Manmohan Singh heads for St. Petersburg G20 Summit
Sep 02 2013 , New Delhi
“Currency swap among BRICS will be discussed…It will not be part of G-20 but on the sidelines. BRICS will be updating on what they have agreed upon last year for $100 billion currency reserve fund,” planning commission deputy chairman, Montek Singh Ahluwalia, who is India’s sherpa at G-20, said.
The five-nation BRICS comprise India, Brazil, Russia, China and South Africa. India, Brazil and South Africa are among the emerging economies which have witnessed sharp depreciation of their currencies in recent weeks and this currency reserve fund will help ease short-term foreign currency liquidity pressure
Currency volatility will be important part of G-20 summit beginning on September 5, Ahluwalia said adding anticipated withdrawal of quantitative easing in the United States will lead to change in flow of currency leading to volatility. It would be in national interest of those advanced countries to calibrate QE tapering in a manner that keeps in mind the impact on emerging countries like India.
India and other emerging economies are keen that the spillover effect of QE tapering is minimal in developing countries, Ahluwalia told reporters on Saturday, shortly before his departure to St Petersburg..
Ahluwalia, however, said an announcement by BRICS on the Brics development bank is unlikely at St Ptersburg as more work was needed. BRICS has proposed to set up the bank with $50 billion initial capital with each of the five-member countries contributing $10 billion.
Last week, People’s Bank of China (China’s central Bank) deputy governor, Yi Gang said in Beijing that BRICS group have agreed on the ratio of contributions, operation mechanisms, governance structure and loan-to-value ratio of this contingent reserve arrangement that is the BRICS currency swap arrangement.. There will be more consensus on the arrangement in St Petersburg and expected this arrangement to be launched in foreseeable future.
China, which is a current account surplus country with huge foreign exchange reserves of close to $3 trillion, will be major contributor to the BRICS currency fund and indications are half of the $100 billion would be contributed by Beijing.
India already has currency swap arrangement with Japan. Ahluwalia made it clear that currency swap is not rupee trade.
“This is not bilateral currency settlement,” he said adding It is a straightforward cooperation in liquidity. The five BRICS countries will agree to make certain amount of foreign currency available. The country in need of foreign currency will draw from the pool to meet its short-term requirement. It is a cooperative arrangement. There will be certain rules for drawing from the pool, he said.
The first level of safety net is foreign exchange reserve. The second level of safety net is informal arrangement like currency swap arrangement, Ahluwalia said.
The third form of safety net is seeking a loan from International Monetary Fund, where loans are made available with certain conditionalities.

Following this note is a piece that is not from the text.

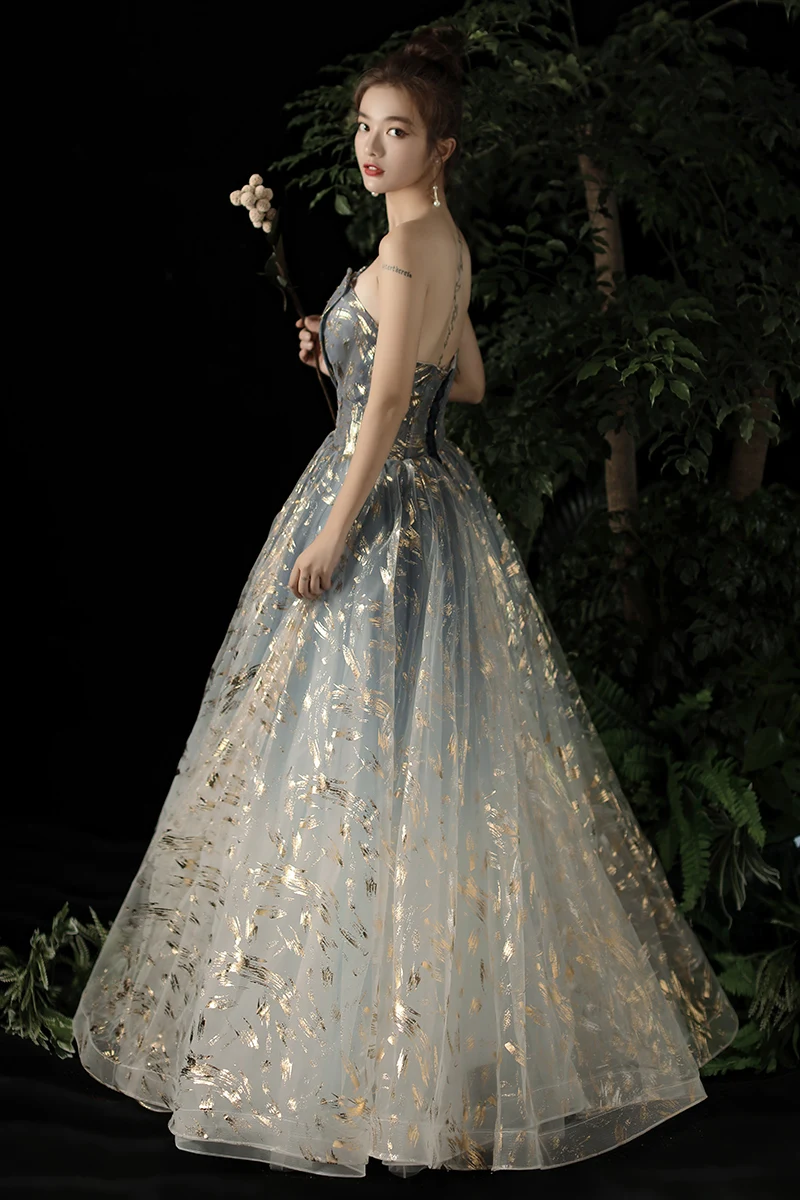 WAYJ новое вечернее платье длинное без бретелек Бандажное с вышивкой кружевная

Ahluwalia was categorical in saying that the possibility of India looking at the third option of IMF did not arise as India had a very comfortable foreign exchange reserves of around $280 billion
“I am not aware of any plans to go to IMF. I don’t think our current situation warrant that. We do not need to go. We have adequate foreign exchange reserves,” Ahluwalia said emphasizing “It is not in agenda.”
Ahluwalia said the issue of energy subsidy too would come up at G-20 meeting and India was in agreement with G-20 that “we must cut down fossil fuel excepting the targeted ones.”
“We do not have any real difference in this broad approach,” Ahluwalia said India has made only commitment to G-20 to keep fiscal deficit at 4.8 per cent of GDP this financial year. Both Prime Minister Manmohan Singh and Finance Minister P Chidamaram have made it amply clear that is a “red-line” and would not be crossed.
When pointed out that fiscal deficit at the end of July was already 63 per cent of the budgeted target for the whole year, Ahluwalia hinted if there was need to cut plan expenditure as was the case last year, planning commission would not have any hesitation.
“If we are asked to do so (cut plan expenditure), we will cooperate,”Ahluwalia said adding any such cut would be contemplated only when revised estimates are prepared for plan expenditure in November,
He also said the current account deficit will be kept at targeted level of $70 billion or 3.7 per cent of GDP this financial year. But the current account deficit in the first quarter of this financial year would be higher than 3.7 per cent of GDP as there was unusually high gold imports in the month of April and May. Gold imports have since started decreasing due to several actions taken by the finance ministry and RBI.